Fashion / Society

Our Editor-in-Chief was among 600 guests at Gucci's Times Square takeover. This is what she saw

By Martina Bonnier

Photo: Gucci

New York may not be a revolutionary location for a fashion show, but Times Square certainly is. Earlier this week, Gucci staged its cruise show, entitled GucciCore, in this epicentre of Manhattan, where all walks of city life converge.

We touched down at Newark knowing almost nothing. The destination had been confirmed, but everything else was kept from guests until the last moment.

As evening fell, cars arrived and we headed west from our Park Avenue hotel. Times Square appeared before we reached the piers, and that, it turned out, was where we were going. It made sense. The House opened its first store outside Italy in New York in 1953, and has considered the city its second home ever since.

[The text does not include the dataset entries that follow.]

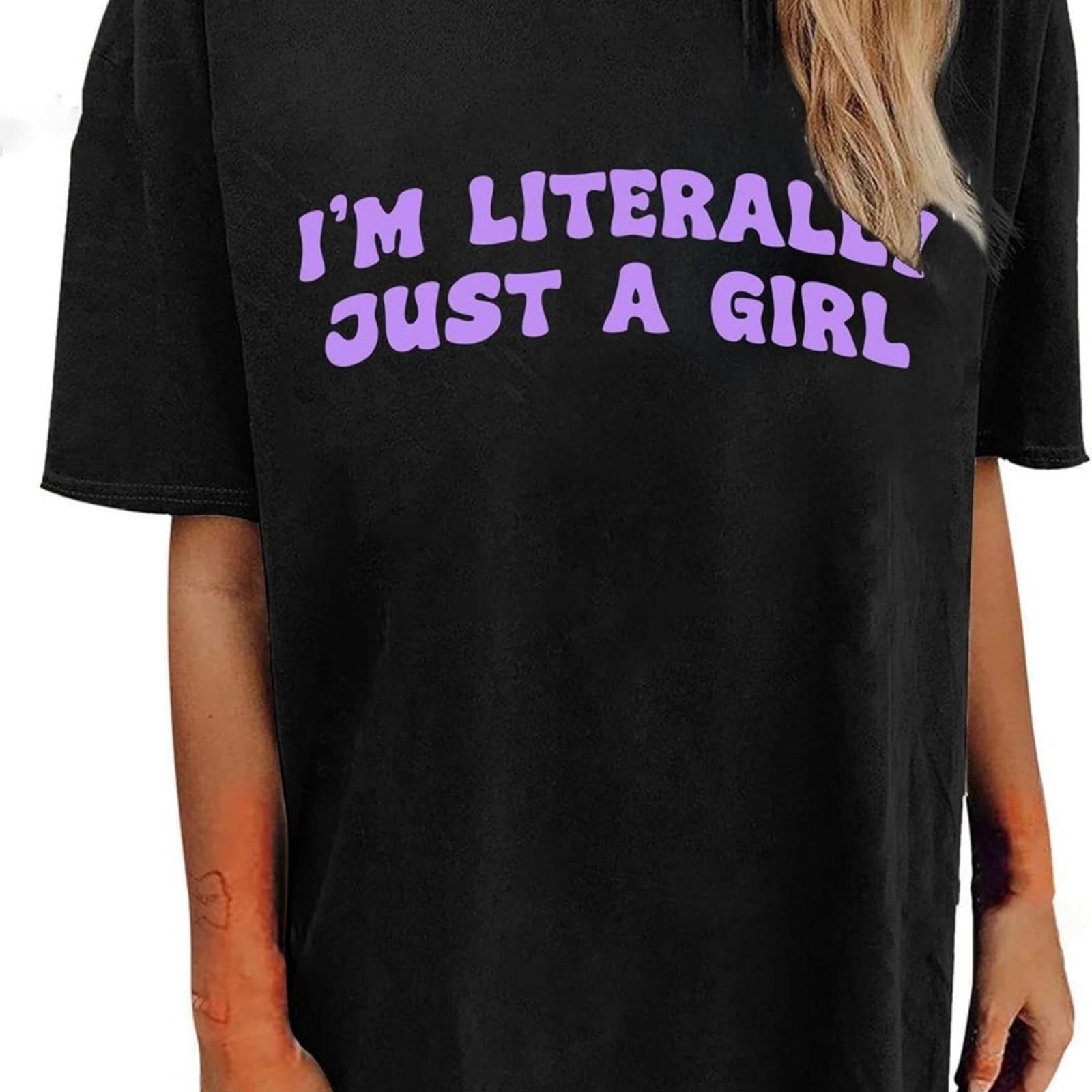 Avanova Women Graphic Letter Print Oversized T Shirt Short Sleeve Casual Summer Loose Fit Tee Top S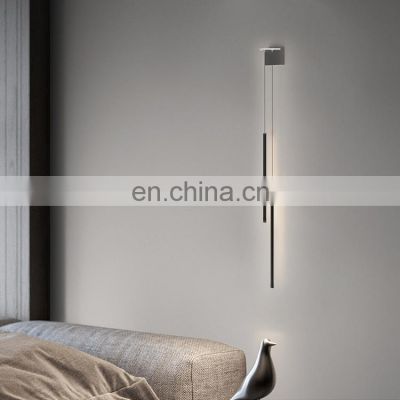 High Quality Fashion Decoration Indoor Aluminum Acrylic Silicon Bedroom Black LED Modern Wall Light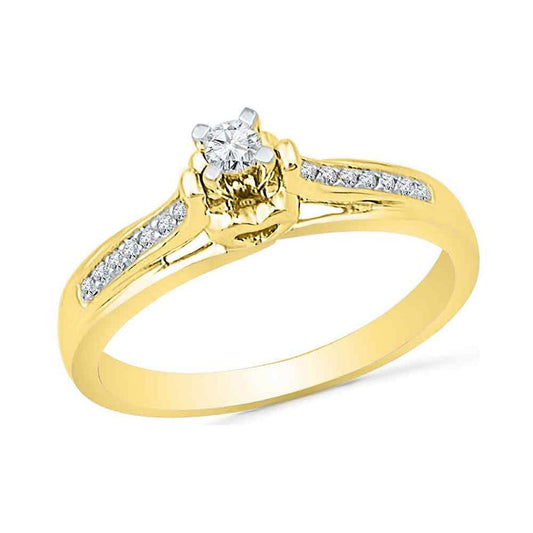 10k Yellow Gold Round Diamond Solitaire Promise Ring 1/6 Cttw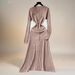 Elegant Metal Buckle Waist-Defining Dress - Slimming Knitted Maxi Dress With Lace Detailing For Women, Autumn Winter Fashion_ecoleips.com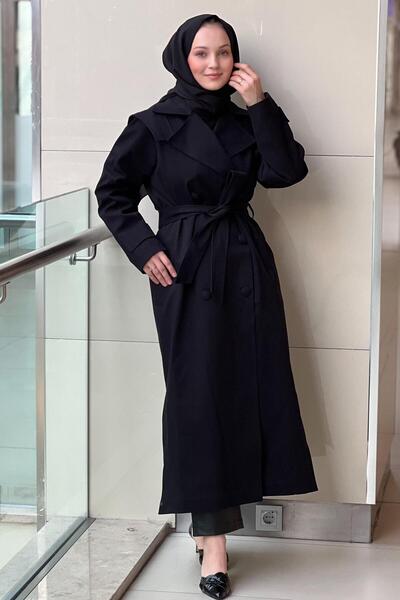 Nuss Double-Breasted Full Length Trench Coat with Collar and Belt Slit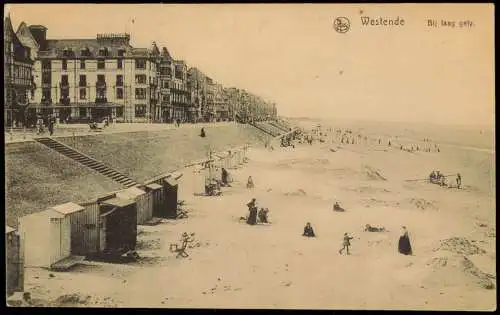 Postkaart Westende-Middelkerke Bij laag gety. - Promenade 1914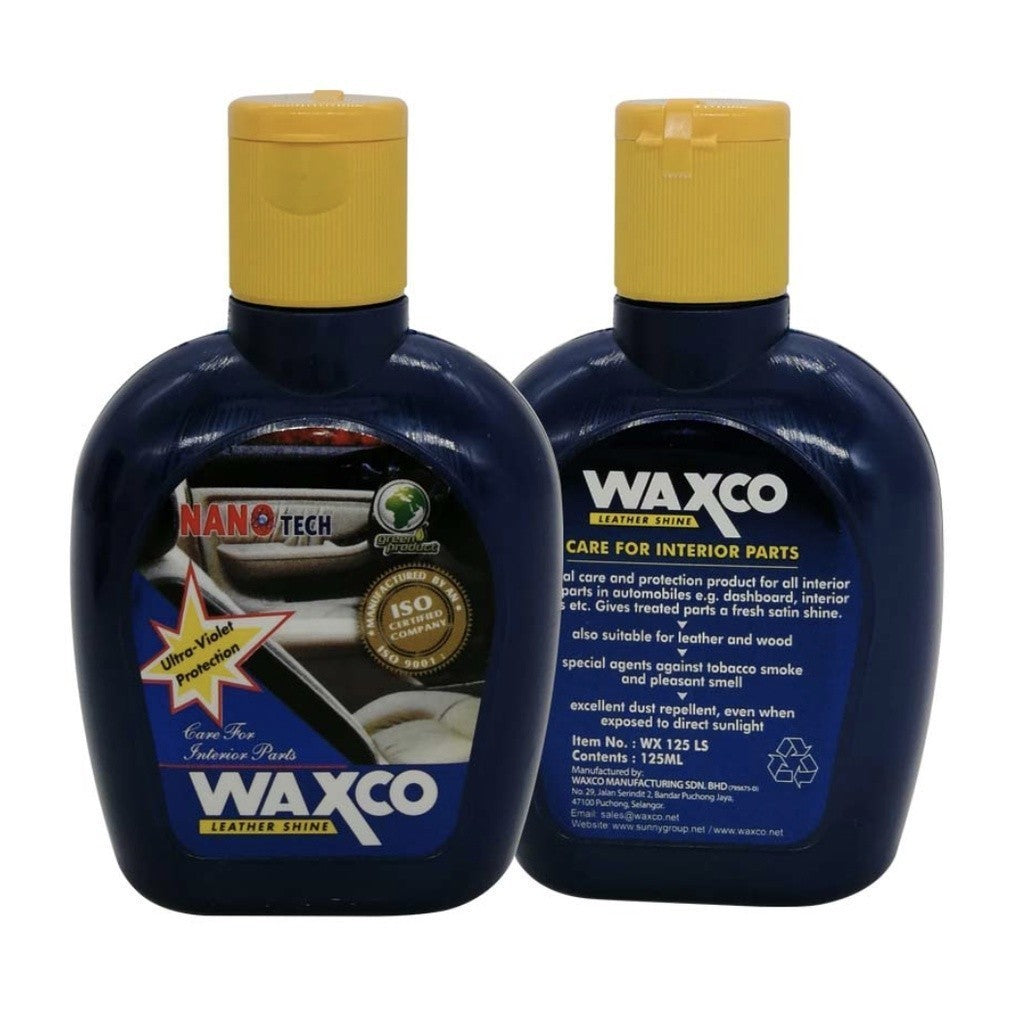 Waxco Leather Shine 125ml Dashboard Leather polish Car Interior Plastic Coating Kereta Kilat wax Pengilat Kusam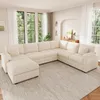Merax XXL Modulares U-Form Sofa, L-Form Ecksofa Mit Hocker, Produktbild-Vorschau 6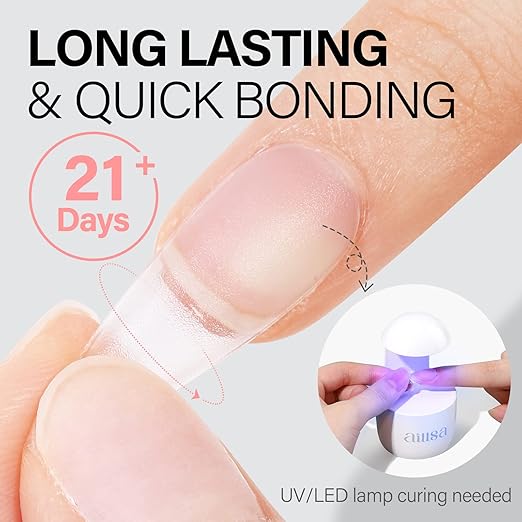 AILLSA 2PCS Gel Nail Glue for Acrylic Nails, 4 in 1 Super Strong Nail Gel Glues for False Nail Tips U V Curing Needed, 15ml High Capacity Gel Extension Brush On Nail for Rhinestone Pearl Foil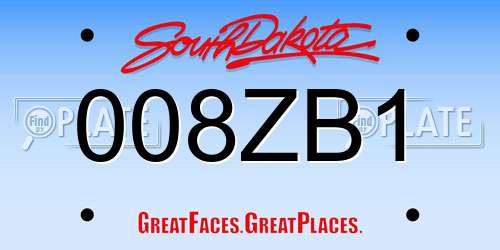 008ZB1 South Dakota License Plate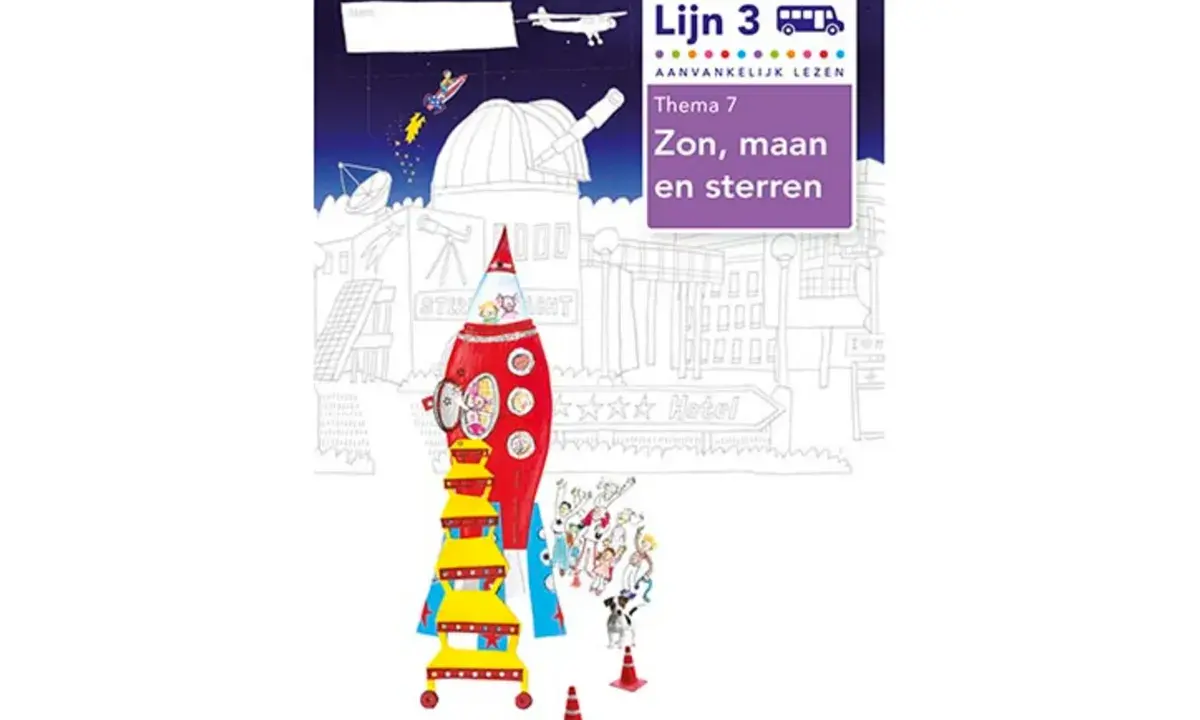 Werkboek Lijn 3, Thema 7: Zon, maan en sterren. Een raket met kinderen en honden staat klaar voor een avontuurlijke reis.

The famous billboards, usually given over to Coca-Cola red or the latest Netflix campaign, had been taken over by Gucci for the evening, advertising ice cream, sporting gear, cars, high jewellery, underwear and pets under the house's name. Around 600 guests had been invited – celebrities, influencers and press – a deliberately small number for a space that ordinarily holds the entire world. Kim Kardashian, Mariah Carey, Lindsay Lohan and Chloe Malle were among those waiting to see what Demna would debut on this makeshift runway, while members of the public pressed against the barriers outside for a glimpse.